— Input records —
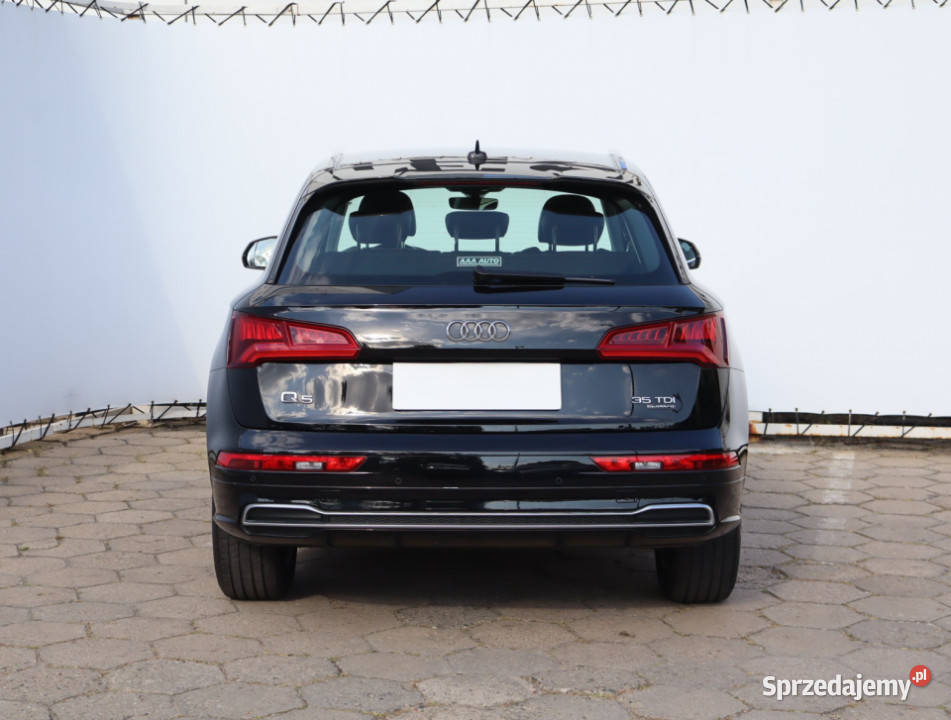 Audi Q5 20 TDI Q5 Łódź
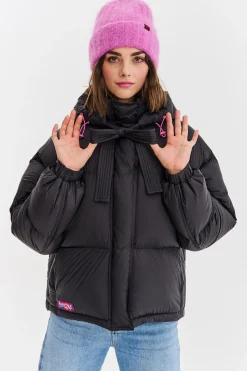 Kurtka puchowa Umbria Blackout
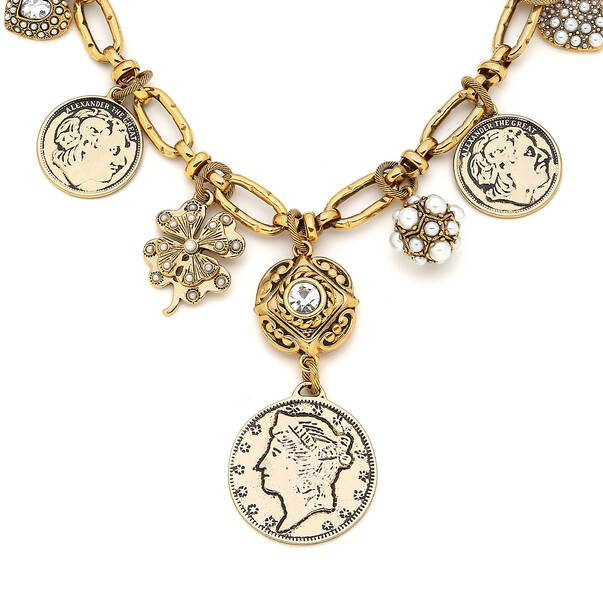 Cool Charm Kolye - 2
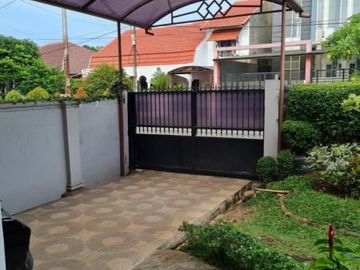 KOMPLEKS PERTAMINA BINTARO RUMAH LUAS 540 DIJUAL CEPAT SEKALI BU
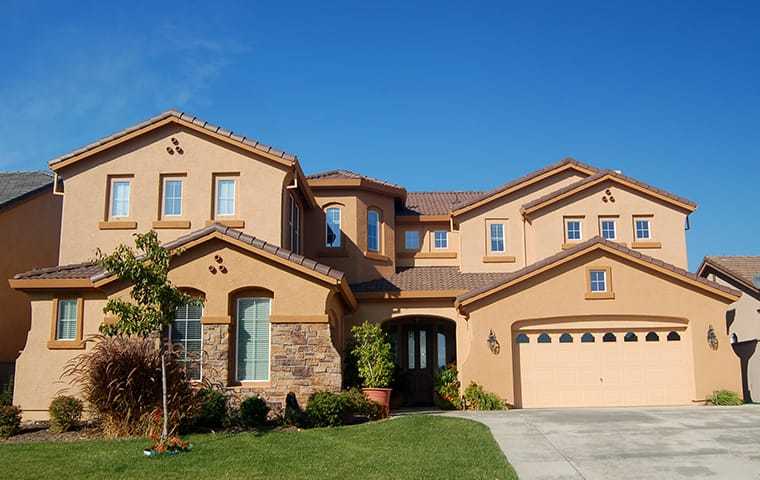 A home in los angeles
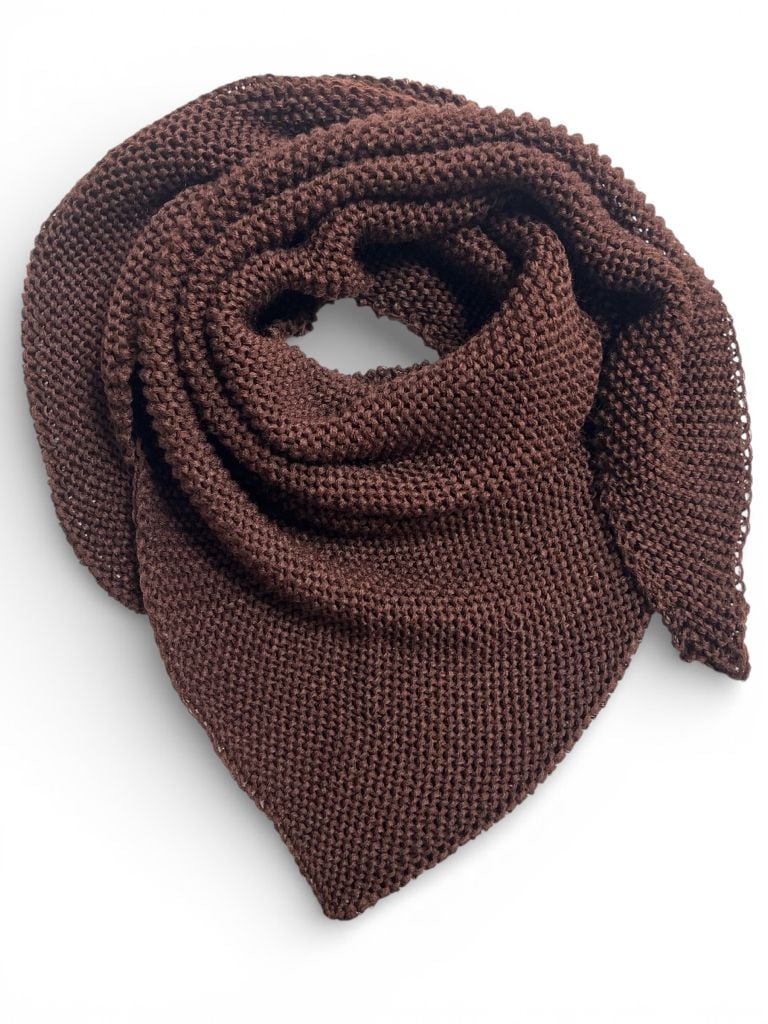 Головні убори Бактус шоколад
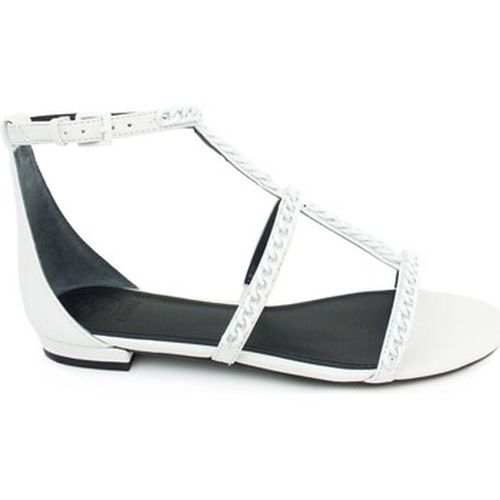 Chaussures Sandalo White FL6RV2ELE03 - Guess - Modalova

— Work instruction —
The output must be every line of the records, printed exactly, with the pictures omitted.

— Exercise result —
 Audi Q5 20 TDI Q5 Łódź
 Kurtka puchowa Umbria Blackout
 Cool Charm Kolye - 2
 KOMPLEKS PERTAMINA BINTARO RUMAH LUAS 540 DIJUAL CEPAT SEKALI BU
 A home in los angeles
 Головні убори Бактус шоколад
 Chaussures Sandalo White FL6RV2ELE03 - Guess - Modalova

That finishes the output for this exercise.